Now you are ready to have some fun with Splus.

Getting data into Splus

Try

> age <- read.table("NHage.txt")   # shouldn't work
> count.fields("NHage.txt")     # here's why
> age_read.table("NHage.txt",sep="\t")  #almost, but header messed up
> age_read.table("NHage.txt",sep="\t",header=T)

Look at age after each attempt. What happened? (Hint: ?read.table) See

HELP for other ways of getting data into Splus.

You now have a data frame. It acts like both a matrix and a list.

Save the first five rows of the data frame as age5. Use age5 as the test case for the first problem.

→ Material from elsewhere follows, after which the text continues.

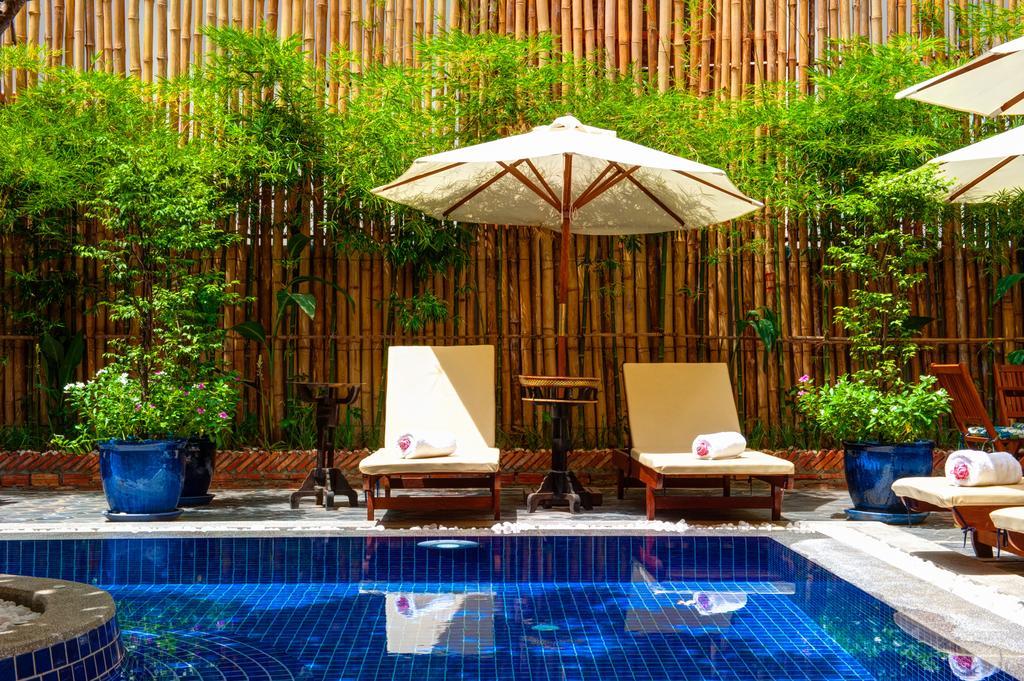 House Boutique Eco Hotel Phnom Penh Luaran gambar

It is a good idea to experiment with small data sets whenever you are trying to get a function to work.

Try dim(age), dimnames(age). Try running attributes() on each column of the data frame. (You can select columns by name or number, as for matrices, or by using the $ notation for lists.) Try

> lapply(age,attributes)       
 # applies the attributes() function
 # to each component of the data frame

What do all those attributes mean?

Problem 1

Need HELP with the use of fix() for writing functions?

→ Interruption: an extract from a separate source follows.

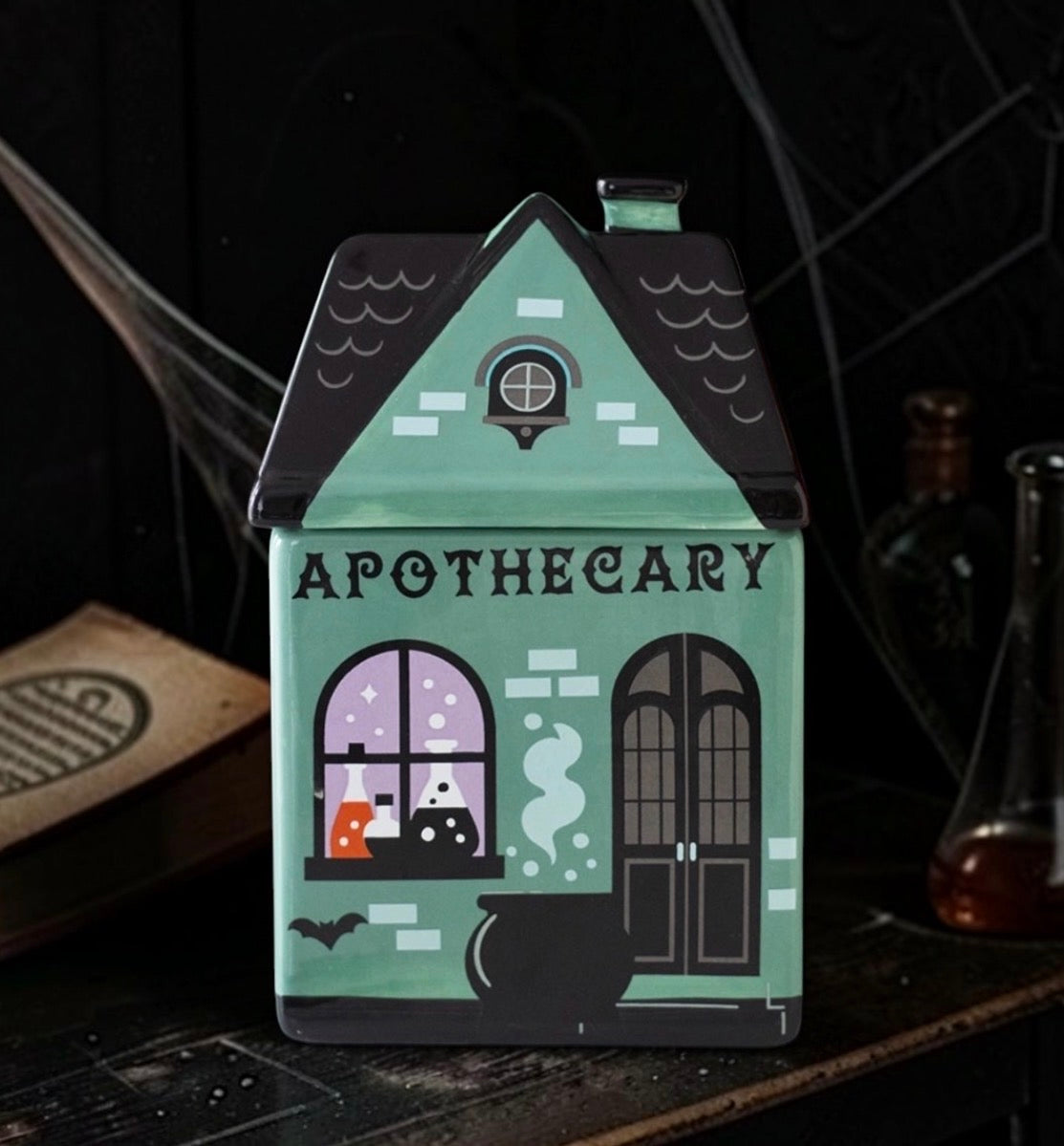 Apothecary Shop Burner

Build yourself a function that takes a data frame as argument, and carries out the following operations. Assume that you will be feeding in a data frame whose rows have labels like "Ansonia town", ...

Kill the first three columns.
Create vectors under18 (sum the first twelve columns) and over18 (the remaining columns), giving the populations for each town under and over the age of 18 years. (Hint: ?apply or HELP)
Strip the characters " town" from the end of each row name. (Hint: ?nchar, ?substring)
Return a new data frame, with the stripped town names as row labels, and columns called under18, over18.

Run your function, saving the output as age.split.

Problem 2

Build yourself a function, which takes a data frame like age.split as argument, and which draws a picture with horizontal bars showing the under18 + over18 population for each town, with the town names used as labels for each bar. (Hint: ?barplot, ?as.matrix, ?t)

Problem 3

From the Census lookup, get the data for the white population of New Haven town in 1990, broken down by age and sex (an old joke). Write a function to construct a population pyramid (compare with an example that I prepared for a paper) for the town. Make sure you save this function, because next week you will be using it as the starting point for some fancier graphics.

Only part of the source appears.